Directions:
From the data that follows, report how many lines hold the string "over", giving only the number.

Information supplied:
· · · · · · ·

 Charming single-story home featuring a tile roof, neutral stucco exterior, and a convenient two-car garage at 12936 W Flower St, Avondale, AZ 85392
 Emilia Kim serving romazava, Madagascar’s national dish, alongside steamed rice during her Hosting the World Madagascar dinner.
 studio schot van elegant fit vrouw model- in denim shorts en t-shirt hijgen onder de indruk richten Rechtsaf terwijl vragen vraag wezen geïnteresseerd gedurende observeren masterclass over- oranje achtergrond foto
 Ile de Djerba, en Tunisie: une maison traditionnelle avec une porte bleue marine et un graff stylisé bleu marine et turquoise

· · · · · · ·

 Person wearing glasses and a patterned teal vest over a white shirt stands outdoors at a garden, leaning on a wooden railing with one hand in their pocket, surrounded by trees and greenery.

· · · · · · ·

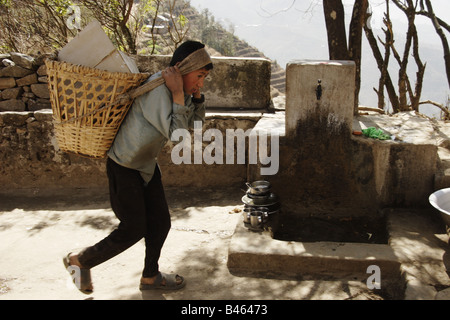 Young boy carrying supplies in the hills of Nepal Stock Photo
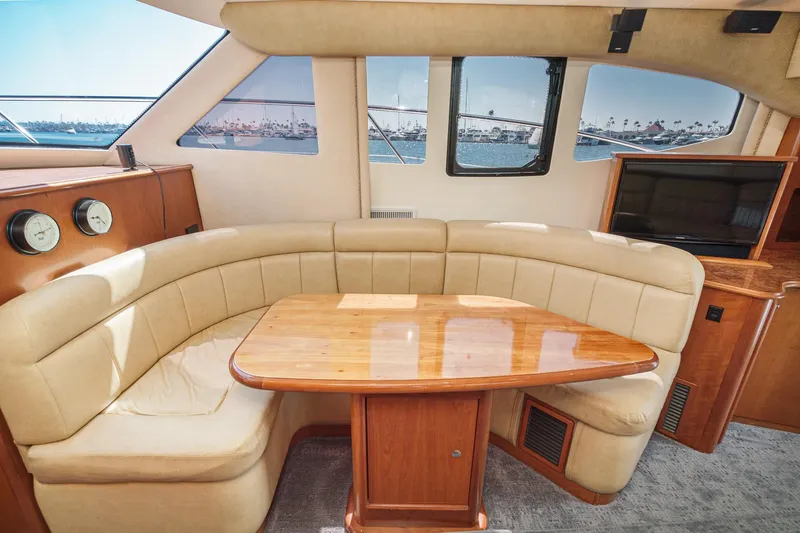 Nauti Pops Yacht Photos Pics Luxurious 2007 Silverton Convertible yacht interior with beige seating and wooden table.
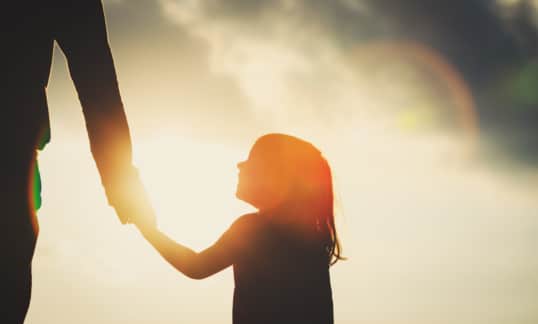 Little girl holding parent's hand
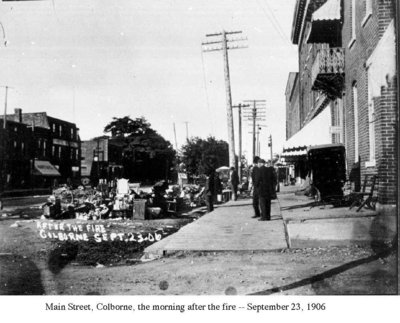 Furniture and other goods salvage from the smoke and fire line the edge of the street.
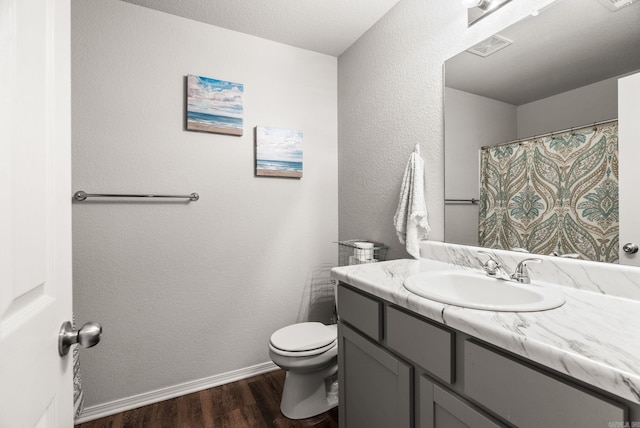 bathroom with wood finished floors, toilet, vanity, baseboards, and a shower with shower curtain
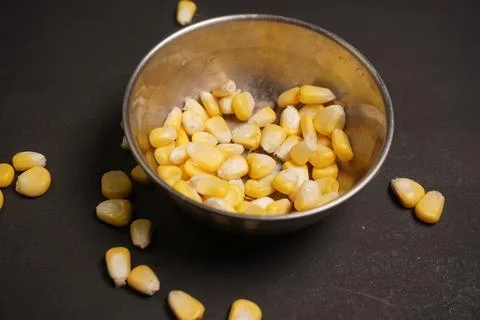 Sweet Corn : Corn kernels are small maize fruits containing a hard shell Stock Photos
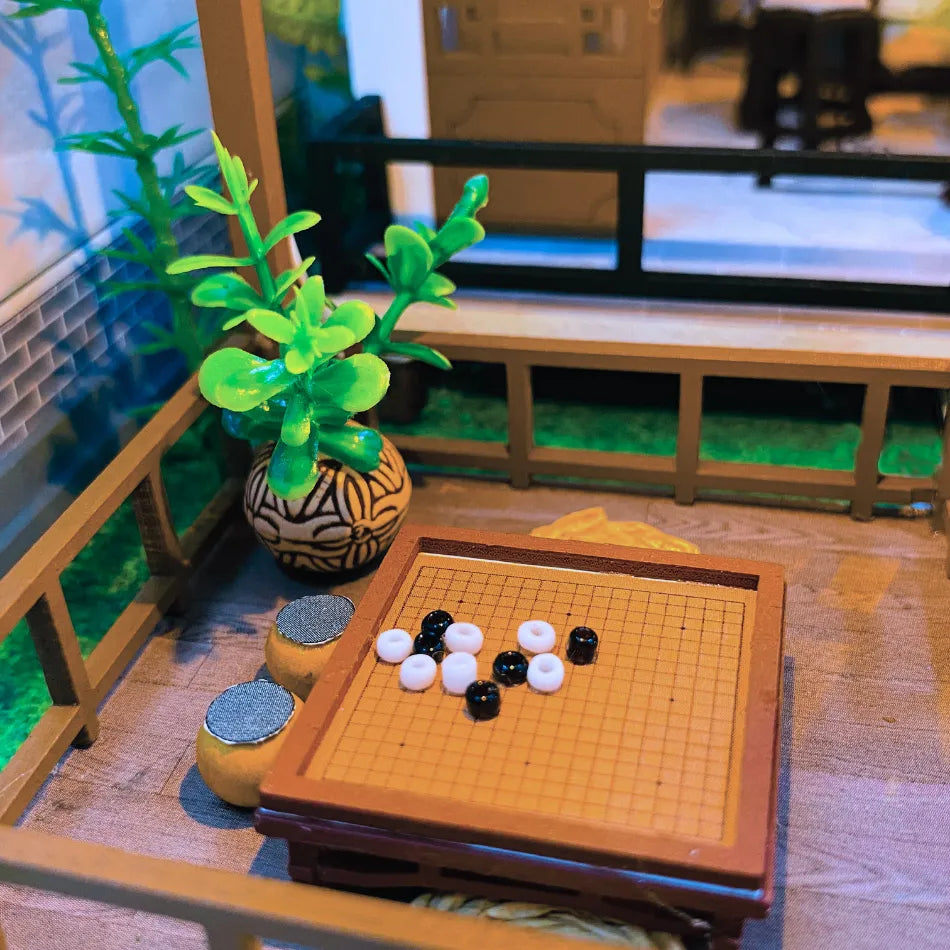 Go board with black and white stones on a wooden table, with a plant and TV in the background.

· · · · · · ·

Task response:
2